(Crawled caption data)
────────

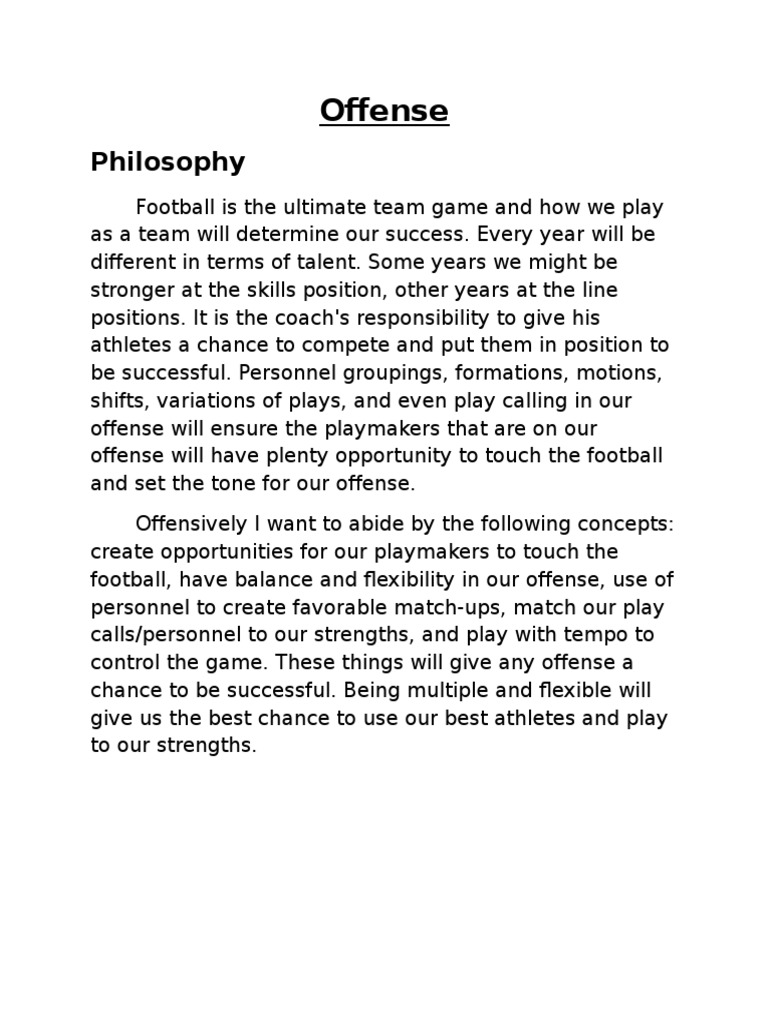 Offensive Philosophy PDF Sports American Football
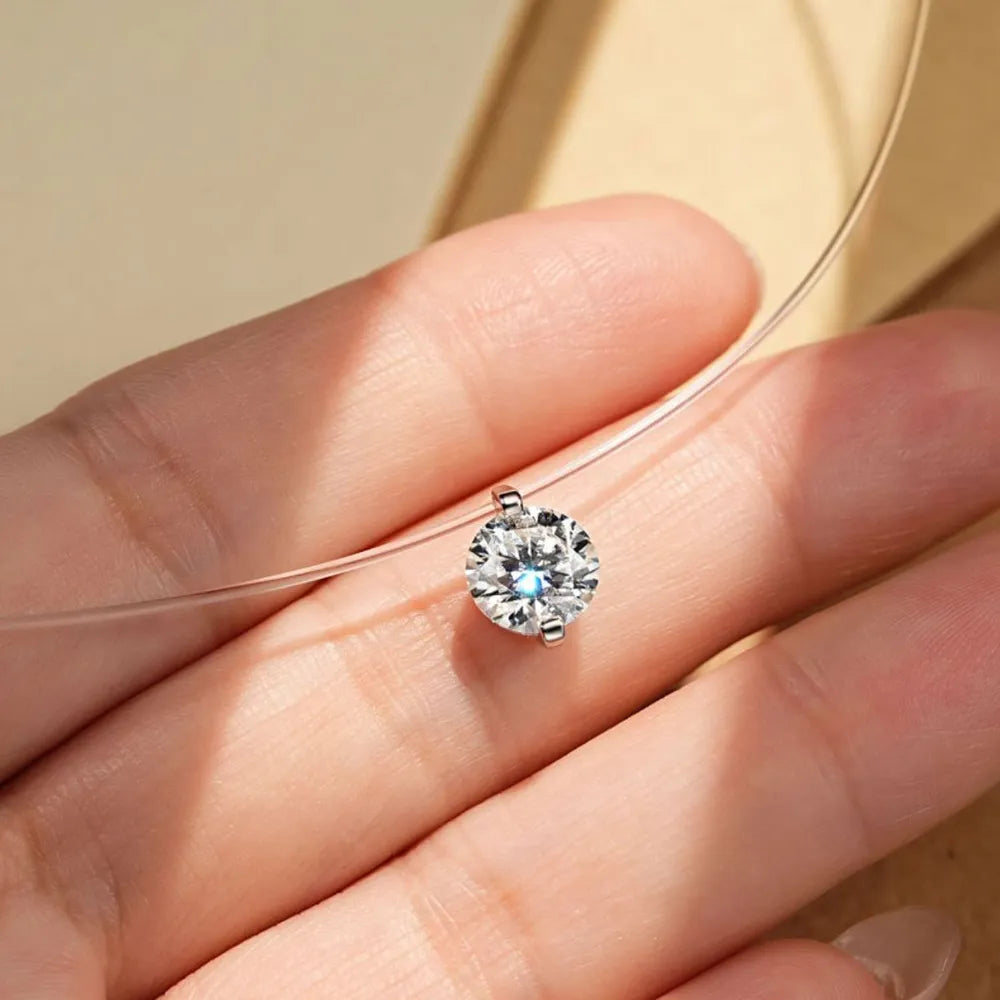 1 Carat Moissanite 925 Sterling Silver Necklace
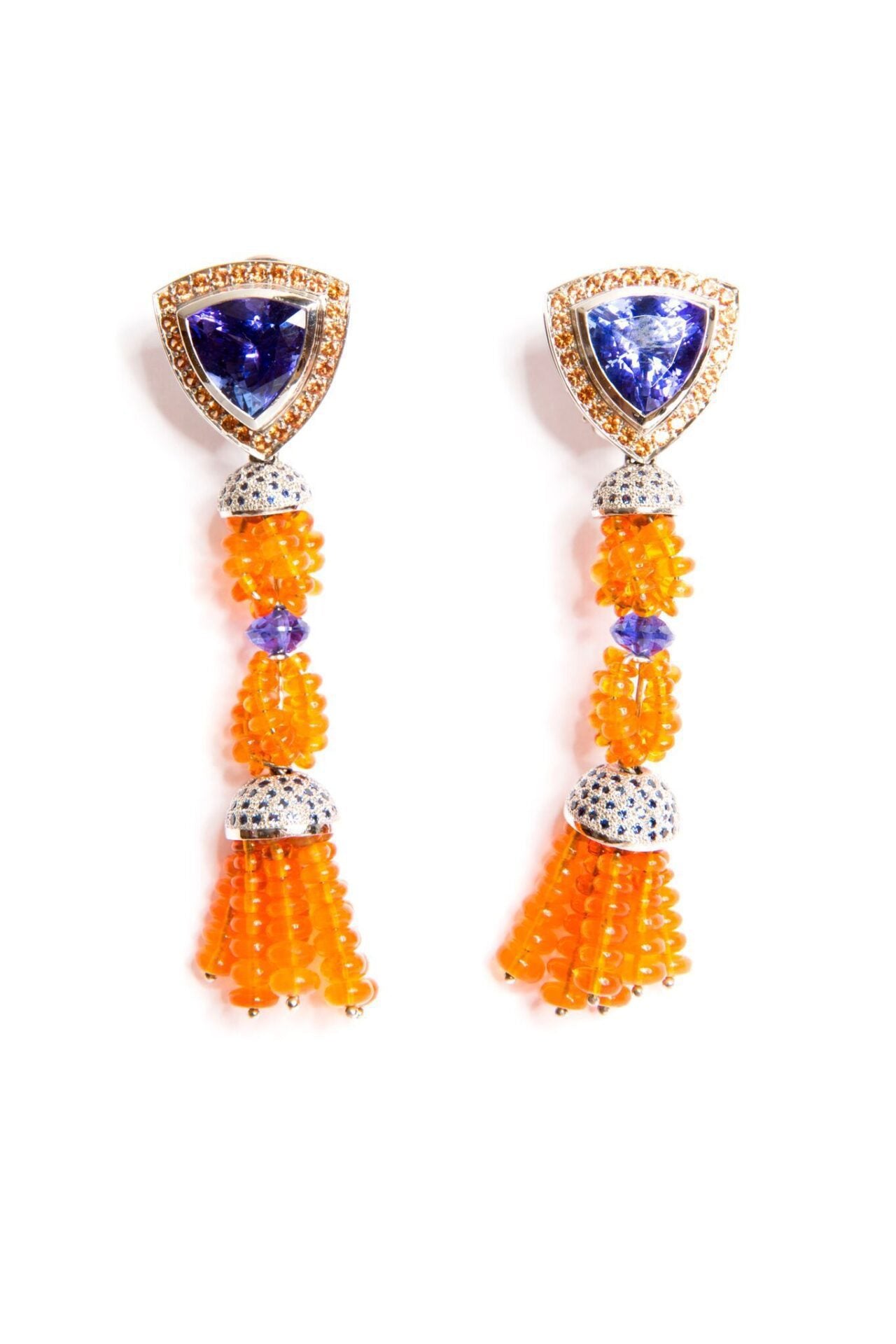 Tanzanite and Fire Opal Earrings image 0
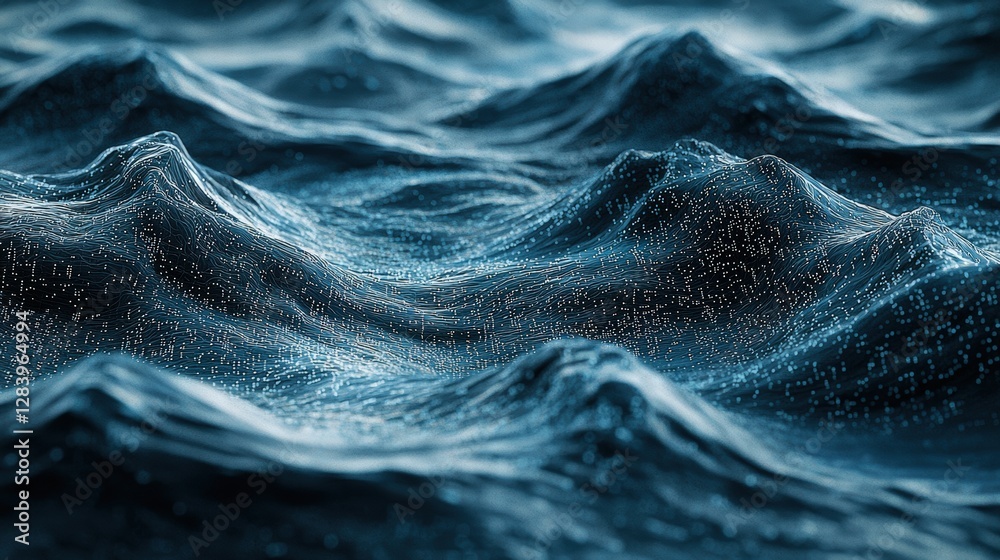 Poster unique wave design featuring numerous dots creating an intriguing visual effect in the ocean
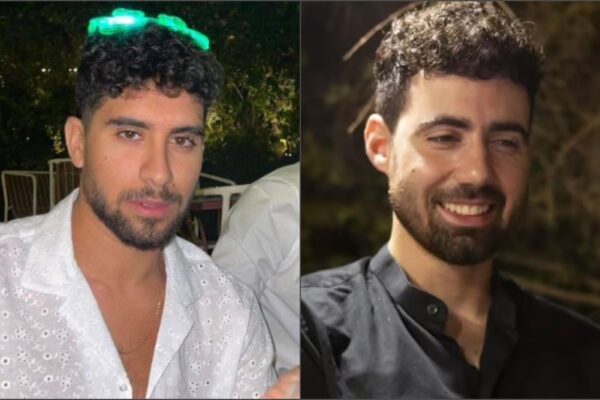 החטופים גיא גלבוע דלאל (מימין) ואביתר דוד, שהוצאו מהשבי לצפות בטקס השחרור של חבריהם (צילום: באדיבות המשפחות)
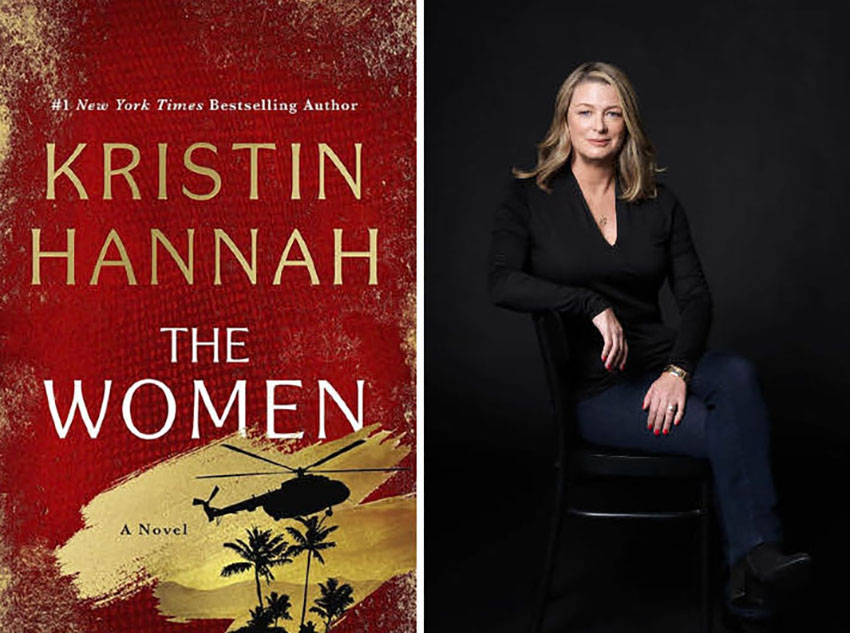 Cover of the book The Women next to a photo of the author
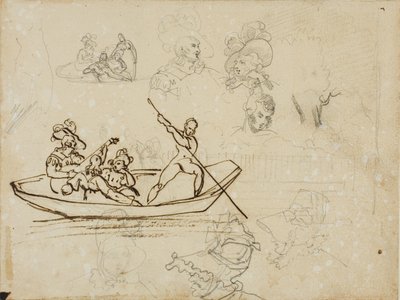 Schetsen van een muzikaal bootfeest en van een vrouw met een hoge hoed door Jean Louis André Théodore Géricault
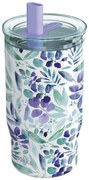Nerezový termohrnček so slamkou Mist Violet Blooms 720 ml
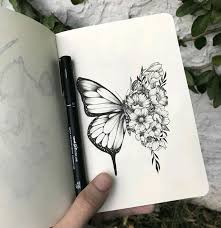 Flowers and butterflies drawing at getdrawings | free download. Fantasy Flowers Butterfly Flowers Drawing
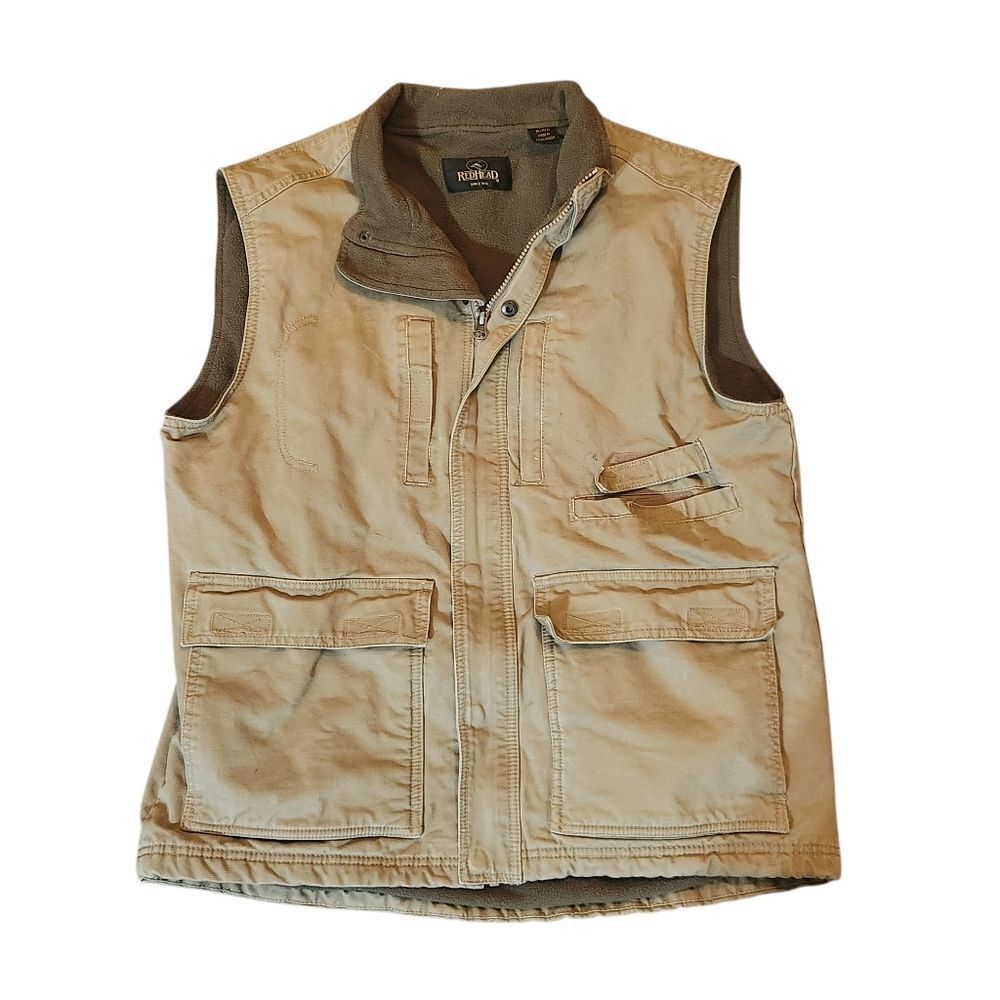 RedHead Fleece Lined Vest Mens Size Medium Khaki Beige Tan Cargo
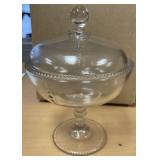 9in. Depression Glass Lidded Candy Dish
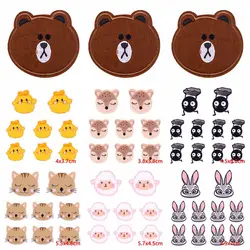 10PCS/Lots Animals/Bear Patch Cartoon Appliques Embroidered Patches For Clothing Stickers Cute Badges Fusible Patches On Clothes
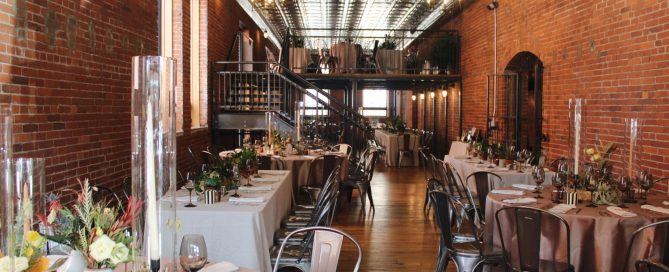 The Art Room is a unique event space that juxtaposes industrial decor with fine art.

────────

**Activity**
Please write out exactly, and only, the lines from the beginning of the entries through the line containing "Poster unique wave", including both and skipping all pictures.

**Exercise answer**
 Offensive Philosophy PDF Sports American Football
 1 Carat Moissanite 925 Sterling Silver Necklace
 Tanzanite and Fire Opal Earrings image 0
 Poster unique wave design featuring numerous dots creating an intriguing visual effect in the ocean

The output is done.